Flex of worker power raises the stakes for quality jobs

Ulrich Atz and Tensie Whelan
Guest Author

Ulrich Atz

Guest Author

Tensie Whelan

Investors focused on societal impact are often concerned with corporate treatment of workers.   

To assess job quality performance across a portfolio, they generally rely upon environmental, social, and governance (ESG) reporting metrics.  Unfortunately, our research has found that current ESG reporting metrics do not capture indicators of whether a company is providing quality jobs.  Critical job-related metrics such as the share of employees making a living wage, cost of turnover, or value of benefits are rarely tracked or reported. 

Yet, investors, regulators, and the managers themselves rely on that incomplete data to make decisions that have a significant impact on employees, society, and the bottom line.  

Sustainable Jobs

A strategy and set of practices to develop what we define as quality, sustainable jobs enables a firm to be profitable while creating value for its employees at all levels, beginning with basic needs (such as living wage), and including higher order needs such as equity, retirement benefits, and career development. 

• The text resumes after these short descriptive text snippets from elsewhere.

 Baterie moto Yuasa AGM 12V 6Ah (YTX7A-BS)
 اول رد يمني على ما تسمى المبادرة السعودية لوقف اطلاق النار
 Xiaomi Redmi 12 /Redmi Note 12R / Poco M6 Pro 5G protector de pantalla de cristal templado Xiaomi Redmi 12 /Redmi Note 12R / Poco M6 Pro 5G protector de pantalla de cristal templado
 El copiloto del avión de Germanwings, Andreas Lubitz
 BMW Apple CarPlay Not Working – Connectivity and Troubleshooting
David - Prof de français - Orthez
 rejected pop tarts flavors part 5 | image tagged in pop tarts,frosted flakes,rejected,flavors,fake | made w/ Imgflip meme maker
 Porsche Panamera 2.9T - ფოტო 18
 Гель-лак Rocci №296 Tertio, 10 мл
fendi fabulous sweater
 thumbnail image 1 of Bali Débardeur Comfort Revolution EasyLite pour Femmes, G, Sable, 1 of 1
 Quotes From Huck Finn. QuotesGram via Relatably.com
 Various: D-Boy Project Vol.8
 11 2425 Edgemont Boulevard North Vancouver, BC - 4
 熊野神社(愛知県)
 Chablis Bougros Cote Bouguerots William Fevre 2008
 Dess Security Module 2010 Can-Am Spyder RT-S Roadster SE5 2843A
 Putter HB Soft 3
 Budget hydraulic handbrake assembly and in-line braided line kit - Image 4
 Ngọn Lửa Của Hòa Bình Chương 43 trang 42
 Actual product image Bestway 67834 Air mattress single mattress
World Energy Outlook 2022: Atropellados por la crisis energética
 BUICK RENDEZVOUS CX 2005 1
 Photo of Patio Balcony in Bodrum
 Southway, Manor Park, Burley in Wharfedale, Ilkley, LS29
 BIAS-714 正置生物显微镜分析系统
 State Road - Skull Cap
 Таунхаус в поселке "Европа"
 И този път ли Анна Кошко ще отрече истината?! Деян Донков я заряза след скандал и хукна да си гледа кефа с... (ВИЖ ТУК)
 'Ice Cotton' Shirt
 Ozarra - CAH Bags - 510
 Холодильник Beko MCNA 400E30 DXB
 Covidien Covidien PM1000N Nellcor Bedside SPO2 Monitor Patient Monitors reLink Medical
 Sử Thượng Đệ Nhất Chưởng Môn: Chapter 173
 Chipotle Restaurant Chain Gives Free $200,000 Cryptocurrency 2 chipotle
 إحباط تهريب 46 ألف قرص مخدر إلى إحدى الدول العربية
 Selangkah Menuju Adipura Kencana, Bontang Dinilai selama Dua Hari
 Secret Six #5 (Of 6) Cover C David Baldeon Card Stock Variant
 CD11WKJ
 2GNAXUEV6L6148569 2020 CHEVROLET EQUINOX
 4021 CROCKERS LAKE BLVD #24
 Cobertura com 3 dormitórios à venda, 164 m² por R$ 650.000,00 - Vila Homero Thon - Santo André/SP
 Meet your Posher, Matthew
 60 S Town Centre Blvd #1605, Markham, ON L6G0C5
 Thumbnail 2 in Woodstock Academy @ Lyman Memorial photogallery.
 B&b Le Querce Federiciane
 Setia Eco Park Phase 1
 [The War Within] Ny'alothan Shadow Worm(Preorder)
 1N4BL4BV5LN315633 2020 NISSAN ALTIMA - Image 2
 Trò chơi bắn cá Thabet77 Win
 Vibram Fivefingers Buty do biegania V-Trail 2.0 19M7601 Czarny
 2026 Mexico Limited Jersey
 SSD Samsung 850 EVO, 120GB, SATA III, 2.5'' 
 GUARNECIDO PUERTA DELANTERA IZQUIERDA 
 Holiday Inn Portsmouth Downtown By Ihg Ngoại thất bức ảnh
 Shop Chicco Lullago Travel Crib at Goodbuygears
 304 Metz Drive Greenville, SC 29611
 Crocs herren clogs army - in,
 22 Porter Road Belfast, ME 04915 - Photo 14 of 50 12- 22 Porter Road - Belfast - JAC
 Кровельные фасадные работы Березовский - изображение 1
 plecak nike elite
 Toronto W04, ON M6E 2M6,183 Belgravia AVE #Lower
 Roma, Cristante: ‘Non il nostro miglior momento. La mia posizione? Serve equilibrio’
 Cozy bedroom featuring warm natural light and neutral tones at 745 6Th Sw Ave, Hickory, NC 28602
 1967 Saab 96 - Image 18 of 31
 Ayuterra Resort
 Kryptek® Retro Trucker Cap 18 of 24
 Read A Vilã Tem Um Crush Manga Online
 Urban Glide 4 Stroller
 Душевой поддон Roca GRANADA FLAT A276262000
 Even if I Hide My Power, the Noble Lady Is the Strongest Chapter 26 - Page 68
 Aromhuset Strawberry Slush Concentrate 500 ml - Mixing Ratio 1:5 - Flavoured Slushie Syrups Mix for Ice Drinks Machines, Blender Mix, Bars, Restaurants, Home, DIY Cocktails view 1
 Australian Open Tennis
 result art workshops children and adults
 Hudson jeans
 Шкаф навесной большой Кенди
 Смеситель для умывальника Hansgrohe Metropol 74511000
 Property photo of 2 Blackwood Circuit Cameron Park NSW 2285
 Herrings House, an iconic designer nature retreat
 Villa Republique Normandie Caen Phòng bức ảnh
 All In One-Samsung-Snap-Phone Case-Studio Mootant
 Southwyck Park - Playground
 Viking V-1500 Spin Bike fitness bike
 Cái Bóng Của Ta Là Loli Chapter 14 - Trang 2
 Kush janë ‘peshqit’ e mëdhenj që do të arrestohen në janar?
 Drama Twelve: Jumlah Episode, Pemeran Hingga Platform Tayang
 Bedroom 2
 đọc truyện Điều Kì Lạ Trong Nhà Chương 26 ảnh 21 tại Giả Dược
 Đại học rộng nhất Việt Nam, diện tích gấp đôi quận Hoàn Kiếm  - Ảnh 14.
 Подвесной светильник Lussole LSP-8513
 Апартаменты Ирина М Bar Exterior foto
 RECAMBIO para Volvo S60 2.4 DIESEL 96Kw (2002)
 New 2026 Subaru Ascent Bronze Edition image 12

With this definition in mind, we explored which material jobs metrics are tracked and publicly available through six ESG data providers (MSCI, Refinitiv, Sustainalytics, Bloomberg, ESG Book, and DiversIQ). We categorized more than 1,000 metrics or indicators from the social category, although on average, less than 20% of “S” metrics were relevant for assessing sustainable jobs. 

Table 1 contains key metrics across the three job dimensions. Those that are italicized are rarely, if ever, tracked by ESG raters. The rest are available only when companies voluntarily report them. The lack of measures to track wages is a glaring omission. This gap is complicated by the fact that accounting standards in the US do not require reporting on wages, and thus the data is not included in accounting reports.  

However, even those metrics that are reliably collected tend to be poorly reported or not reported at all.  For example, there is often binary reporting on the existence of a diversity, equity, and inclusion policy (i.e. does the company have a DEO policy), instead of reporting on diverse representation performance. Only half of the S&P 500 report turnover metrics, often without distinguishing between regretted or non-regretted. These insufficient or wholly missing figures make any assessment of quality jobs opaque.

Table 1:  Types and Coverage of Quality Jobs Metrics (italics indicate no or limited reporting).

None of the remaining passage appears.